Don’t forget that we made these numbers up: if we take the mean of all the numbers in `T` and `C` we should get numbers close to 0 for both series; again, theoretically, the means are 0. Since each of the numbers, in either series, is independent of its neighbors, the smoothing will tend to bring the numbers closer to their actual mean. And the more “years” we take in our running mean, the closer each of the numbers will be to the overall mean of `T` and `C`.
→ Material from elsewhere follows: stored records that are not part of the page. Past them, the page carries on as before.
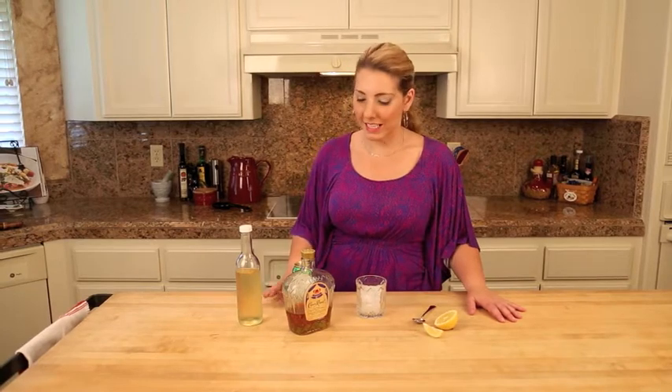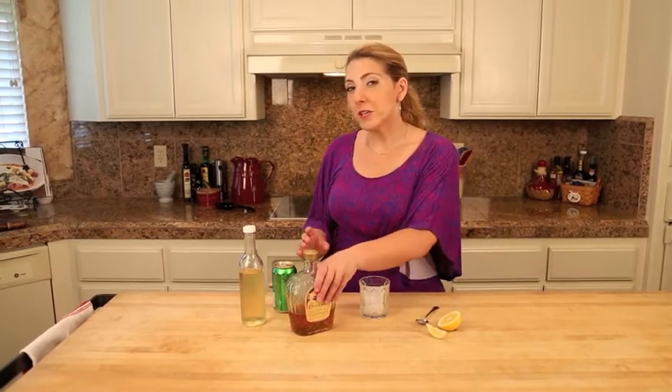Hi, I'm Casey from G-Free Foodie, and I'm going to show you how to make a Lemony Crown, a perfect summer cocktail. If you'd like more information about enjoying distilled alcohol while gluten-free, check out G-Free Foodie — we have a guide to gluten-free alcohol.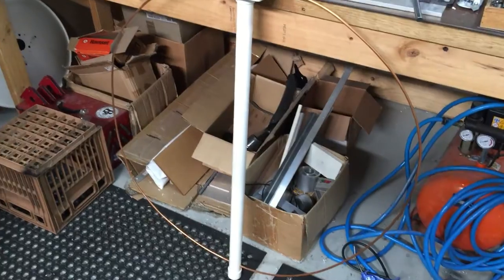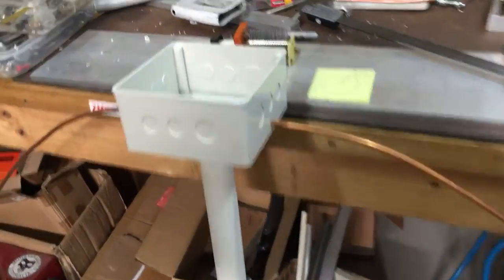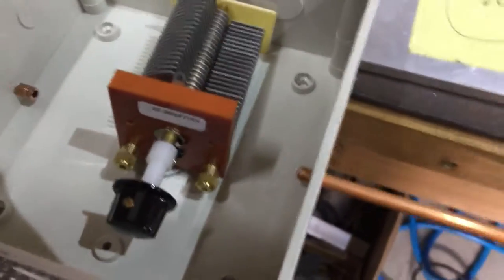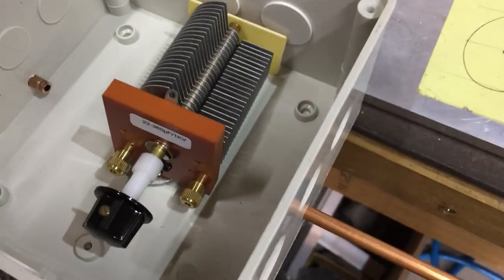This is just a second prototype and we'll be bolting this puppy in there to tune it. We'll see how we go.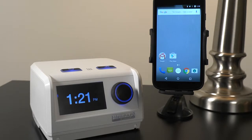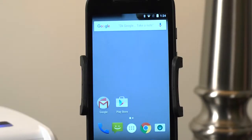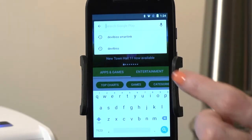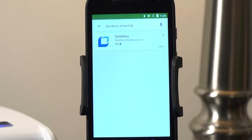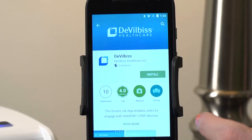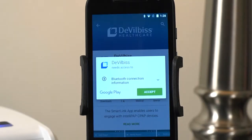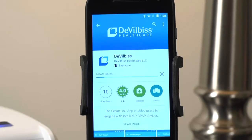To connect the IntelliPAP2 to your Android device and begin collecting your CPAP data, first open the Google Play Store on your Android device and download the DeVilbiss SmartLink app by searching for DeVilbiss SmartLink. Tap Install and then Accept to begin installing the app on your device.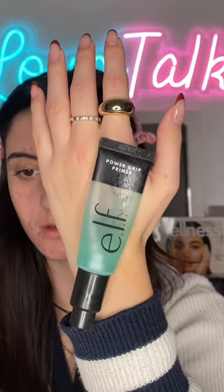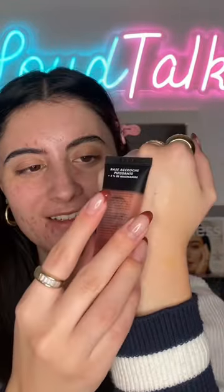I'll put some on the back of my hand to compare — this is the original, and then this is the pink one with the niacinamide. Give that a minute to dry down. Oh yeah, they're both kind of the same stickiness, maybe.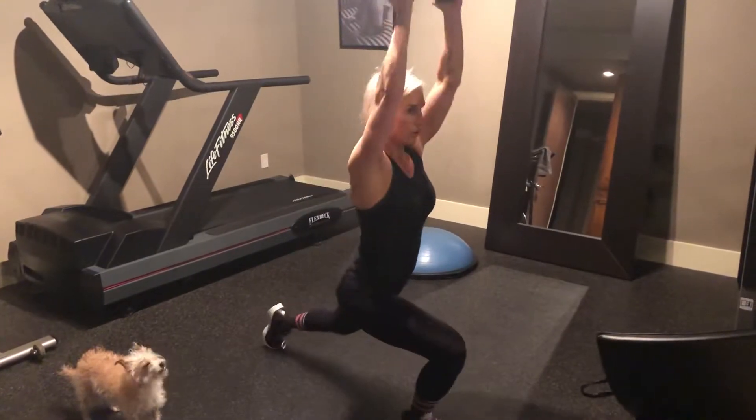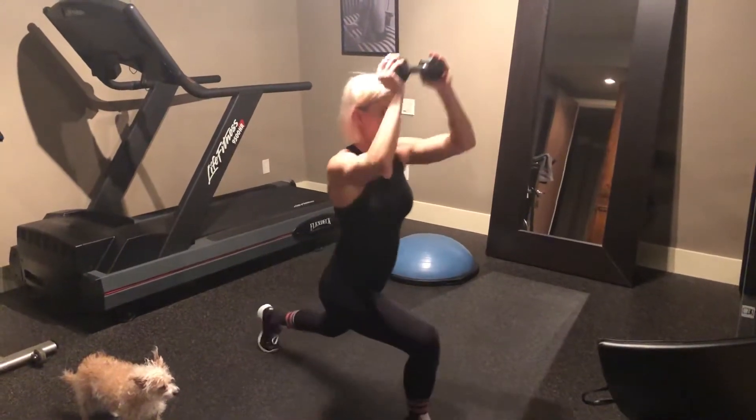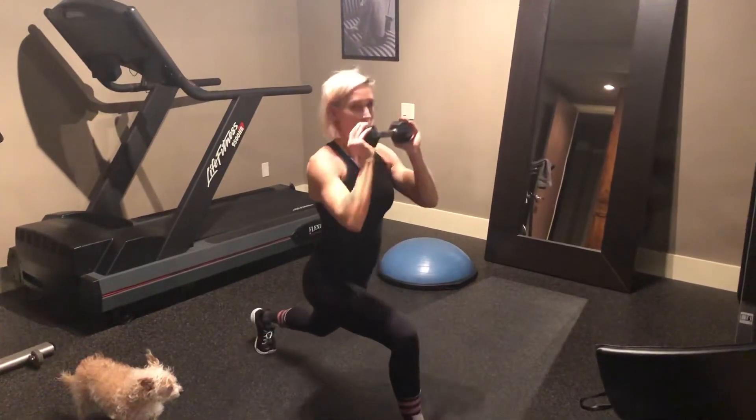Watch. You don't have to do the upper body. You're going to do 25 seconds on both legs.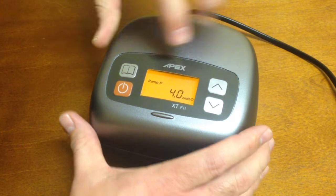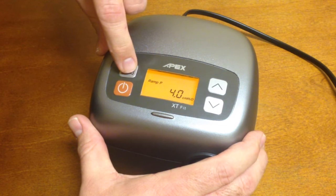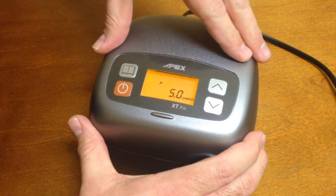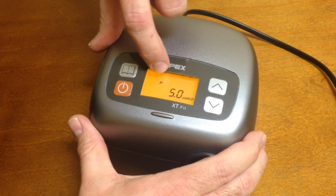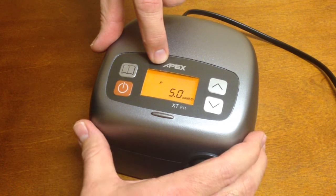Then you can set your desired ramp start pressure. Once you have that, press the book button to set that change in, then press the book button again to go to the next. Here it just shows 'P' — that's the standard CPAP pressure, where 'Ramp P' is the starting ramp pressure.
Now let `T' = 0,0,0,...,0` and `C' = 0,0,0,...,0`. What can we say about each of these series? They are identical, of course, and so are perfectly correlated. So any process which tends to take the original series `T` and `C` and make them look like `T'` and `C'` will tend to increase the correlation between them.

In other words, smoothing induces spurious correlations.

Technical notes: in classical statistics any attempt to calculate the ordinary correlation between `T'` and `C'` fails because that philosophy cannot compute an estimate of the standard deviation of each series. Again, any smoothing method will work this magic, not just running means. In order to “carry through” the uncertainty, you need a carefully described model of the smoother and the original series, fixing distributions for all parameters, etc. etc. The whole also works if `T` and `C` are time series; i.e. the individual values of each series are not independent. I’m sure I’ve forgotten something, but I’m sure that many polite readers will supply a list of my faults.